Officials say, Rwandan troops, working with Mozambique’s army, have retaken control of a vital village near the key town of Mocimboa da Praia from Islamist extremists. The administration said it would deploy additional soldiers to assist in the battle against Islamist extremists who took control of the region last year.
“We are progressing well in Cabo Delgado province,” Colonel Ronald Rwivanga, spokesperson for the Rwanda Defense Force, told AFP by phone text.
“We have registered successes on two fronts and are closing in Mocimboa da Praia,” He went on to mention the port town that has been seized by terrorists since August 12, 2020.
Military troops in Mozambique have been battling to retake control of the town of Awasse. From where the first Islamist attacks were launched in October 2017, the town has been the de facto headquarters of the IS-linked militants since last year.
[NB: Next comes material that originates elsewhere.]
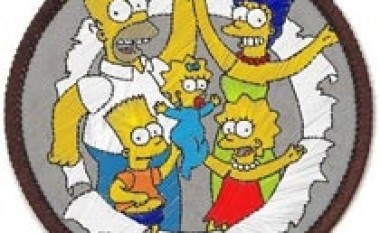 Pulla postare amerikane me familjen “The Simpsons”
According to Rwandan President Paul Kagame, the rebels have left Awasse to other small villages around Mocimboa da Praia, but “we are closing in on them.”
“Solution to Africa’s problems cannot be imported and Working together is key.” The president also emphasized the need to go beyond a military approach to resolving instability in Africa.
Rwanda’s 1,000-strong force deployed on July 9, after Mozambican President Filipe Nyusi’s April visit to Kigali. Within weeks after Rwanda’s arrival, neighboring nations began deploying soldiers under the auspices of the 16-member regional grouping Southern African Development Community (SADC). On July 26, Botswana became the first SADC nation to send in troops, sending 296 soldiers.